(Instructions for the task):
From the entries below, return only the lines starting at the one that contains "Maserati Ghibli V6" and ending at the one that contains "Thumbnail 3 in", exactly as they stand.

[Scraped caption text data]
○ ○ ○ ○
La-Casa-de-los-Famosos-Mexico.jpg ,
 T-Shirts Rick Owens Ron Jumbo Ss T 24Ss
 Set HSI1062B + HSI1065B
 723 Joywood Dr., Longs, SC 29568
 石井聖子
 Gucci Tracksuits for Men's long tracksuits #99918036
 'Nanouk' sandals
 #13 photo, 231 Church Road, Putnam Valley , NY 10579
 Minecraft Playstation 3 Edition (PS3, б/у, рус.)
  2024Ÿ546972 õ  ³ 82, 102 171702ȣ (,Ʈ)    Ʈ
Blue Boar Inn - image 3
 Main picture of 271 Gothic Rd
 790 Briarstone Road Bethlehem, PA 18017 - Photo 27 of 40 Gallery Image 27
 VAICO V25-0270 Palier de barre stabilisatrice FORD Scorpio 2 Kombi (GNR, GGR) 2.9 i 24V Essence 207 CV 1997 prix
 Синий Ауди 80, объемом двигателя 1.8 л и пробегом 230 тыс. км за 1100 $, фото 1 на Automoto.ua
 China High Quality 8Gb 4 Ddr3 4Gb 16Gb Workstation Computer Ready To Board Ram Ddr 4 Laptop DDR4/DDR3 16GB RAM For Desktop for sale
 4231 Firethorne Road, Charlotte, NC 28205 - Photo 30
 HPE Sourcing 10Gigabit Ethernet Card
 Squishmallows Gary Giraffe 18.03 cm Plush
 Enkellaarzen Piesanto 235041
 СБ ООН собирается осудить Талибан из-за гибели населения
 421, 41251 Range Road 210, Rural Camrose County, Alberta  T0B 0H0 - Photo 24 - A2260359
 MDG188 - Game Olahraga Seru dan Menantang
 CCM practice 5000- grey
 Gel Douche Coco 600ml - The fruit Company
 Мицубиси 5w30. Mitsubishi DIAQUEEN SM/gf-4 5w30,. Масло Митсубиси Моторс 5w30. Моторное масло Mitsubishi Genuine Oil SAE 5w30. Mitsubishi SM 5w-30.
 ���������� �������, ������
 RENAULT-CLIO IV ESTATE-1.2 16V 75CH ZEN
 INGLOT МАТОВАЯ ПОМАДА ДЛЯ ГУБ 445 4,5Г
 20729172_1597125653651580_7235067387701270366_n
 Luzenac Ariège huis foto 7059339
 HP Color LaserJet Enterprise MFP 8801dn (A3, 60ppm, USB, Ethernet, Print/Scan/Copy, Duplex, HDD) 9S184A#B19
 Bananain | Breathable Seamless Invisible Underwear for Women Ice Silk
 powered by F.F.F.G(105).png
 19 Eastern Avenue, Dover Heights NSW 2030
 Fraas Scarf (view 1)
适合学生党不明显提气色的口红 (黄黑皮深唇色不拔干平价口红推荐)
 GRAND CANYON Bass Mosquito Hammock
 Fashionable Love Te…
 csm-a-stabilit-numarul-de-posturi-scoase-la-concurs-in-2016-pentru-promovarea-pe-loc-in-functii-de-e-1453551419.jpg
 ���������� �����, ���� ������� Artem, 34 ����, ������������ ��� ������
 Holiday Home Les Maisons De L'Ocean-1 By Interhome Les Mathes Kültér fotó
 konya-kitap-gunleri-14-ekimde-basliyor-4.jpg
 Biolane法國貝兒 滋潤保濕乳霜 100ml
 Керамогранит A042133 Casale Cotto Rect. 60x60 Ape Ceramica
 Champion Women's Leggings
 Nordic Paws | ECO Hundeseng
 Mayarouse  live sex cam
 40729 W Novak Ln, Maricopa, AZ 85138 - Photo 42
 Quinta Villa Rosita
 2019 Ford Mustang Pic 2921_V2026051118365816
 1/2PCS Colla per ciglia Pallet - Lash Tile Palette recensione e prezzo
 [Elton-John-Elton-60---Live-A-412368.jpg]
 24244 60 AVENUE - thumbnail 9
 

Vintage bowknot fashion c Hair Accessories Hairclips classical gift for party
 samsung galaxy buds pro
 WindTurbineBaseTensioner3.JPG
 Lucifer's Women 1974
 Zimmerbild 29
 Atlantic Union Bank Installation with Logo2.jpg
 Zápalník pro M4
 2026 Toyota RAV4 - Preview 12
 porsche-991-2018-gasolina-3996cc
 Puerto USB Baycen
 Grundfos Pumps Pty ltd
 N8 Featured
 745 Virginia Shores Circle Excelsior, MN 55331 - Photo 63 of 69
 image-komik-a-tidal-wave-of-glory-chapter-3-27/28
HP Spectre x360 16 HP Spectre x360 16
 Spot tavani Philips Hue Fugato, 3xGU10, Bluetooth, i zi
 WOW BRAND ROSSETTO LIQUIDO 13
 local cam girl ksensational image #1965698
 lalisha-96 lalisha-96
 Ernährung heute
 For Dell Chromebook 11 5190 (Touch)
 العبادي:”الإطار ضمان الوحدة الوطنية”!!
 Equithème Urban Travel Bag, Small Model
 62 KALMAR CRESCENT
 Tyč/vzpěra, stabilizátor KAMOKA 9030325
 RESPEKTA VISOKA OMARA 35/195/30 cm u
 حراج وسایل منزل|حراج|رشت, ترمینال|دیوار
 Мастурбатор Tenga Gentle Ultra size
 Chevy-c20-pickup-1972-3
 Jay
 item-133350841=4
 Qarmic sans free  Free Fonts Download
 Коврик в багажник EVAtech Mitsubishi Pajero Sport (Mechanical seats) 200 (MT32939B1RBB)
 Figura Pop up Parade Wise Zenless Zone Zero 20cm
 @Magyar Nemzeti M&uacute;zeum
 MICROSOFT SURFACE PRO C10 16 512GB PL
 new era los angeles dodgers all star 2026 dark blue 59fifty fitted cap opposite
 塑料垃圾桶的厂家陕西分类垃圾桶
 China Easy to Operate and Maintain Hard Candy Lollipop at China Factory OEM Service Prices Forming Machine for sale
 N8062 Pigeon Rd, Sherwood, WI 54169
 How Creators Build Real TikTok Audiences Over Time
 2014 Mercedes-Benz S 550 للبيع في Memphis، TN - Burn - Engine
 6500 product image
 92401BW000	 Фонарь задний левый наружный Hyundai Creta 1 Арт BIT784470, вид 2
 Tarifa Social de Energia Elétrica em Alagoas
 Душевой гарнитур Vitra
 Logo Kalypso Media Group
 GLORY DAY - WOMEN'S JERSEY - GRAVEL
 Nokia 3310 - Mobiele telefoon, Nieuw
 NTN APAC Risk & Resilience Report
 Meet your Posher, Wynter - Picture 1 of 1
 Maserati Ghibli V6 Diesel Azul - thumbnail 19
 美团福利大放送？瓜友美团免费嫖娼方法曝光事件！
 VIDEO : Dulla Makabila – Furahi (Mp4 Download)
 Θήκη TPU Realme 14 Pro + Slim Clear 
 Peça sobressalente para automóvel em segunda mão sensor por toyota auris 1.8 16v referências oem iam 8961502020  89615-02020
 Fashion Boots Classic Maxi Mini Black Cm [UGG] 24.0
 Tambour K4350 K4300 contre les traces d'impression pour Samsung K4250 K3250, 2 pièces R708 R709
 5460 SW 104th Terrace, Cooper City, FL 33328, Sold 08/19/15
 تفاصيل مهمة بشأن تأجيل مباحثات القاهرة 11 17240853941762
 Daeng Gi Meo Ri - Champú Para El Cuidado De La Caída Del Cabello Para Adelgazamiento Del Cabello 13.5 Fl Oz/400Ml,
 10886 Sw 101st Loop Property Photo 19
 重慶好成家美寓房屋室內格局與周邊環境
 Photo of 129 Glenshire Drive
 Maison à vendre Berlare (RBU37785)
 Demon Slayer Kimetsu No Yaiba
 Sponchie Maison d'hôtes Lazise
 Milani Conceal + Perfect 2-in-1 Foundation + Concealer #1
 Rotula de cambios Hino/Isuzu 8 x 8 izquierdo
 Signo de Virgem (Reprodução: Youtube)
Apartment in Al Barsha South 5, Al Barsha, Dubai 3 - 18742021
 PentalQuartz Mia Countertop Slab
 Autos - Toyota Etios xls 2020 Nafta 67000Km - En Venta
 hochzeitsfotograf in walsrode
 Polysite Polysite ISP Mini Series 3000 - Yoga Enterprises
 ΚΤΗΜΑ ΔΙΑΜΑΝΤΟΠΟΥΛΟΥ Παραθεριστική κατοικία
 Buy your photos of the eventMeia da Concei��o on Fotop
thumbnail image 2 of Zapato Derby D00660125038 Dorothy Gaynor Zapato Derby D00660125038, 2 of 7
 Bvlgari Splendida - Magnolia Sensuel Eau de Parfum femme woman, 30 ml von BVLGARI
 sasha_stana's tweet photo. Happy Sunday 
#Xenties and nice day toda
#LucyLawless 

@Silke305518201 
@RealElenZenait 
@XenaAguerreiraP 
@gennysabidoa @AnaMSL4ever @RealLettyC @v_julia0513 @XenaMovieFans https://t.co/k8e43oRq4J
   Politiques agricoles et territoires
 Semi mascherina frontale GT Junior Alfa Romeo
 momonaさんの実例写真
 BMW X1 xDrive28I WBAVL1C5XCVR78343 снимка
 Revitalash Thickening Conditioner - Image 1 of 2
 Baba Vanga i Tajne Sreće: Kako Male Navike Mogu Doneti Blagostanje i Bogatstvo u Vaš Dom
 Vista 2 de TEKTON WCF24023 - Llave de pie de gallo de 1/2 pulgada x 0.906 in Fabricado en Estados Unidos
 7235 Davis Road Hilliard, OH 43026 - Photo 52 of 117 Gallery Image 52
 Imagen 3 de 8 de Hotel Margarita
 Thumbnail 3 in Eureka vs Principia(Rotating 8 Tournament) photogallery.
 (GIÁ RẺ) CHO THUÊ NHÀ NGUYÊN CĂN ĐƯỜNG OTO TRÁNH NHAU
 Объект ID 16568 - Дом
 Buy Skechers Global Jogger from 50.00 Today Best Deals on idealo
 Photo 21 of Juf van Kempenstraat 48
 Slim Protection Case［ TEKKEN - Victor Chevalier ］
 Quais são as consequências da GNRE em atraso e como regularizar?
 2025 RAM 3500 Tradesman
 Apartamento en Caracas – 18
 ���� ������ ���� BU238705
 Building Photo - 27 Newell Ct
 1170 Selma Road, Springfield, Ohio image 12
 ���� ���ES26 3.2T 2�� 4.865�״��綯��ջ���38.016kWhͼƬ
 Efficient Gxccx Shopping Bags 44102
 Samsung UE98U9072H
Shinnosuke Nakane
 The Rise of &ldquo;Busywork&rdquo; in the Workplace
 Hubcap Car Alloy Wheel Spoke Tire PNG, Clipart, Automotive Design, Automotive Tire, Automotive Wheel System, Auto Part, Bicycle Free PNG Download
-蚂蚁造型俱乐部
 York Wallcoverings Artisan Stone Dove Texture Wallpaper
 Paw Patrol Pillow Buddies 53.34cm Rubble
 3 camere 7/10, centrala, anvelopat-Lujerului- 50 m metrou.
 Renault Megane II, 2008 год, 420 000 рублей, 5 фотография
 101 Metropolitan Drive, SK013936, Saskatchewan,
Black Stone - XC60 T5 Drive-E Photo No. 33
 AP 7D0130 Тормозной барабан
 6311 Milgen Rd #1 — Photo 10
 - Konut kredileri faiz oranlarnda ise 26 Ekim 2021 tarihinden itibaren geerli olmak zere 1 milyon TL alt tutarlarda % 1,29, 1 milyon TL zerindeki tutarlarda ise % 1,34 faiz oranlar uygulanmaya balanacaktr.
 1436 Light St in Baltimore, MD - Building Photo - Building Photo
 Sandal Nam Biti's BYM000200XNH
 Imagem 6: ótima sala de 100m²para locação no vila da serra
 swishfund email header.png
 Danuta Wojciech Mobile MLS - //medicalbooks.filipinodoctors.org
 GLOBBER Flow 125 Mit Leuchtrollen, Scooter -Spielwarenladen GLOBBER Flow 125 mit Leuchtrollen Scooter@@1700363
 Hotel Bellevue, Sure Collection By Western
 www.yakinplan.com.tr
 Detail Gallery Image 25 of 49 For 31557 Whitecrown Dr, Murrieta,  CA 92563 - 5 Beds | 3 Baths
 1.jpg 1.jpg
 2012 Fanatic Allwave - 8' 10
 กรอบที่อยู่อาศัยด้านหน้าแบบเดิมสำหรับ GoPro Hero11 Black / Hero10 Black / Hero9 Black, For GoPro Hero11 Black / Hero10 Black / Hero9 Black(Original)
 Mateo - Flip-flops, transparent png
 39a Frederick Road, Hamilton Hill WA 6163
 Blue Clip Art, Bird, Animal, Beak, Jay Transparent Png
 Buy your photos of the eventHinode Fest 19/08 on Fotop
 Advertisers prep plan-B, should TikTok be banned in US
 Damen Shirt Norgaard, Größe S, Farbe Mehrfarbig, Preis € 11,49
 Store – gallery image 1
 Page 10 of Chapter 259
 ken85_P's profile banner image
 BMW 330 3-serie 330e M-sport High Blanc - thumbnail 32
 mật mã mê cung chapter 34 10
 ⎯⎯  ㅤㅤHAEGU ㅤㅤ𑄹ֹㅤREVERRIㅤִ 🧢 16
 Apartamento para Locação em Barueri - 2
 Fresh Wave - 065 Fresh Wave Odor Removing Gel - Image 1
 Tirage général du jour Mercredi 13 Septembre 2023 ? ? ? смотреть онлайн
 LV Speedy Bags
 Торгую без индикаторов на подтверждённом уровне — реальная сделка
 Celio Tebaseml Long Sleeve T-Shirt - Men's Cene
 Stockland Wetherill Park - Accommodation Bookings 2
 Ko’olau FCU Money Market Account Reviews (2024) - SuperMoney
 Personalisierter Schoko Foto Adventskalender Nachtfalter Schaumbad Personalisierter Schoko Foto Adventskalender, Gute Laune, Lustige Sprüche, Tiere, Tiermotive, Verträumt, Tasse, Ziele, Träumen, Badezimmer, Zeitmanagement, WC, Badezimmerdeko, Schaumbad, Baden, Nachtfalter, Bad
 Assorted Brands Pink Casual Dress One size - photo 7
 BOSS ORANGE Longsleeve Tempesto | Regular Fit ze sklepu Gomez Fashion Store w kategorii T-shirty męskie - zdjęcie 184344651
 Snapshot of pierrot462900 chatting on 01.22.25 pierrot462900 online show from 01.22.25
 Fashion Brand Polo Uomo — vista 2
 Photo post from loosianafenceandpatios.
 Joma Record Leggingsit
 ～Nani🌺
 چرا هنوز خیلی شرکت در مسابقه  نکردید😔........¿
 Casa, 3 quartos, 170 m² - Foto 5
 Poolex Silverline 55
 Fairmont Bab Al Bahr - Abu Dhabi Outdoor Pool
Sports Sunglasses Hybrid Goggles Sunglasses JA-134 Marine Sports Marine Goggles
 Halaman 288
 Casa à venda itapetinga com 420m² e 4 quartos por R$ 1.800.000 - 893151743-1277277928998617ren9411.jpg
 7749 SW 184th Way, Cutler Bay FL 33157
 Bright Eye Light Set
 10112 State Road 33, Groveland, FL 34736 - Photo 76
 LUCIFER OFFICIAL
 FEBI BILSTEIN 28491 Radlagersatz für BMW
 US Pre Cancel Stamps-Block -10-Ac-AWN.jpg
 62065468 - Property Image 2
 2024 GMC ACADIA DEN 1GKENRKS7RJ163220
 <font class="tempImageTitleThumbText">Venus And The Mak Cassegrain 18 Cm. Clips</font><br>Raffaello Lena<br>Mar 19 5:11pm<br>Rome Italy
○ ○ ○ ○
(Response for this exercise):
 Maserati Ghibli V6 Diesel Azul - thumbnail 19
 美团福利大放送？瓜友美团免费嫖娼方法曝光事件！
 VIDEO : Dulla Makabila – Furahi (Mp4 Download)
 Θήκη TPU Realme 14 Pro + Slim Clear 
 Peça sobressalente para automóvel em segunda mão sensor por toyota auris 1.8 16v referências oem iam 8961502020  89615-02020
 Fashion Boots Classic Maxi Mini Black Cm [UGG] 24.0
 Tambour K4350 K4300 contre les traces d'impression pour Samsung K4250 K3250, 2 pièces R708 R709
 5460 SW 104th Terrace, Cooper City, FL 33328, Sold 08/19/15
 تفاصيل مهمة بشأن تأجيل مباحثات القاهرة 11 17240853941762
 Daeng Gi Meo Ri - Champú Para El Cuidado De La Caída Del Cabello Para Adelgazamiento Del Cabello 13.5 Fl Oz/400Ml,
 10886 Sw 101st Loop Property Photo 19
 重慶好成家美寓房屋室內格局與周邊環境
 Photo of 129 Glenshire Drive
 Maison à vendre Berlare (RBU37785)
 Demon Slayer Kimetsu No Yaiba
 Sponchie Maison d'hôtes Lazise
 Milani Conceal + Perfect 2-in-1 Foundation + Concealer #1
 Rotula de cambios Hino/Isuzu 8 x 8 izquierdo
 Signo de Virgem (Reprodução: Youtube)
Apartment in Al Barsha South 5, Al Barsha, Dubai 3 - 18742021
 PentalQuartz Mia Countertop Slab
 Autos - Toyota Etios xls 2020 Nafta 67000Km - En Venta
 hochzeitsfotograf in walsrode
 Polysite Polysite ISP Mini Series 3000 - Yoga Enterprises
 ΚΤΗΜΑ ΔΙΑΜΑΝΤΟΠΟΥΛΟΥ Παραθεριστική κατοικία
 Buy your photos of the eventMeia da Concei��o on Fotop
thumbnail image 2 of Zapato Derby D00660125038 Dorothy Gaynor Zapato Derby D00660125038, 2 of 7
 Bvlgari Splendida - Magnolia Sensuel Eau de Parfum femme woman, 30 ml von BVLGARI
 sasha_stana's tweet photo. Happy Sunday 
#Xenties and nice day toda
#LucyLawless 

@Silke305518201 
@RealElenZenait 
@XenaAguerreiraP 
@gennysabidoa @AnaMSL4ever @RealLettyC @v_julia0513 @XenaMovieFans https://t.co/k8e43oRq4J
   Politiques agricoles et territoires
 Semi mascherina frontale GT Junior Alfa Romeo
 momonaさんの実例写真
 BMW X1 xDrive28I WBAVL1C5XCVR78343 снимка
 Revitalash Thickening Conditioner - Image 1 of 2
 Baba Vanga i Tajne Sreće: Kako Male Navike Mogu Doneti Blagostanje i Bogatstvo u Vaš Dom
 Vista 2 de TEKTON WCF24023 - Llave de pie de gallo de 1/2 pulgada x 0.906 in Fabricado en Estados Unidos
 7235 Davis Road Hilliard, OH 43026 - Photo 52 of 117 Gallery Image 52
 Imagen 3 de 8 de Hotel Margarita
 Thumbnail 3 in Eureka vs Principia(Rotating 8 Tournament) photogallery.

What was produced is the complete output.